Ethiopia has the second largest population in sub-Saharan Africa with over 80 million people. It currently turns out over 10,000 university graduates a year, and the number is increasing fast. In total there are over 150 technical and vocational training schools at various levels. Average private sector wages remain highly competitive and expatriate employees are welcome though the EIC expects replacements to be trained within a designated period. It is usefully located at the crossroads of Africa, the Middle East and Asia, and although landlocked has easy access to the sea at Djibouti as well as being able to use Berbera in Somaliland and Port Sudan in the Sudan. A member of IGAD, the regional organization, Ethiopia also belongs to COMESA, the Common Market for East and Southern Africa, which provides it with preferential tariff rates with 23 countries and well over 300 million people. Ethiopia is a member of the ACP and is negotiating with the World Trade Organization. It has duty and quota free access to the US through AGOA, and to the EU which allows duty free entry for all industrial manufactured products.

International air links are excellent with Addis Ababa as the headquarters of the African Union (AU) and of the UN Economic Commission for Africa (UN-ECA) and a number of other international bodies, operating as the diplomatic capital of Africa. Ethiopian Airlines has an outstanding safety record and is one of the fastest growing airlines in the world with links to Asia, Europe, the Americas and elsewhere in Africa. All regional state capitals and other major towns are linked by microwave with automatic tele services. Similar links join Ethiopia to Djibouti, Kenya and the Sudan. Satellite earth stations provide international communication links and there are optical fibre links with the Sudan and Djibouti.

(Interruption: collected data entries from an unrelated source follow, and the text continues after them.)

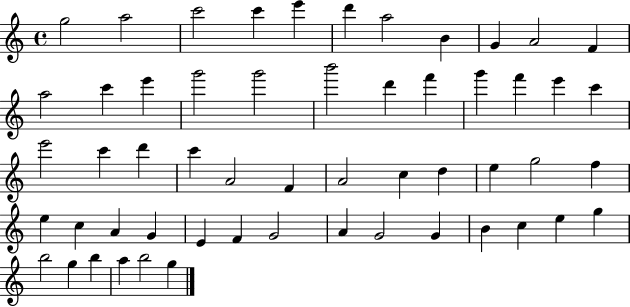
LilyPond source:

{
  \clef treble
  \time 4/4
  \defaultTimeSignature
  \key c \major
  g''2 a''2 | c'''2 c'''4 e'''4 | d'''4 a''2 b'4 | g'4 a'2 f'4 | \break a''2 c'''4 e'''4 | g'''2 g'''2 | b'''2 d'''4 f'''4 | g'''4 f'''4 e'''4 c'''4 | \break e'''2 c'''4 d'''4 | c'''4 a'2 f'4 | a'2 c''4 d''4 | e''4 g''2 f''4 | \break e''4 c''4 a'4 g'4 | e'4 f'4 g'2 | a'4 g'2 g'4 | b'4 c''4 e''4 g''4 | \break b''2 g''4 b''4 | a''4 b''2 g''4 | \bar "|."
}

Ethiopia has a large and fast growing domestic and regional market offering prospects for a wide range of consumer goods. It has a strong range of natural resources with an exceptional climate for agricultural activity. While the economy remains predominately agricultural, the current Growth and Transformation Plan will increase industrial development on a significant scale, with particular focus on energy and infrastructure. Specific areas for increased development include agriculture and agro-processing; leather and hides, horticulture and floriculture exports, building materials and tourism. Details of dozens of state owned enterprises have been drawn up for privatization, mainly in food and beverage industries, transport and communications, agricultural services, tourism and the pharmaceutical industry. Under the country’s environmental laws, the Environmental Protection Agency investigates the environmental impact of new investments and is responsible for regular audits to ensure standards are maintained.

While all land is state owned, it is available on a leasehold basis for up to 99 years. Leases vary according to location, type of investment and the class of land, and according to the incentives available. Regional governments negotiate details with businesses and investors. Much of the potential of Ethiopia has yet to be exploited. Out of the 60% of land which has potential for agricultural development, only 15% has yet been developed to any degree. Equally, many of the mineral resources, which include gold, platinum, marble, tantalite, copper, potash, soda-ash, zinc, nickel, iron, and natural gas, have yet to be developed.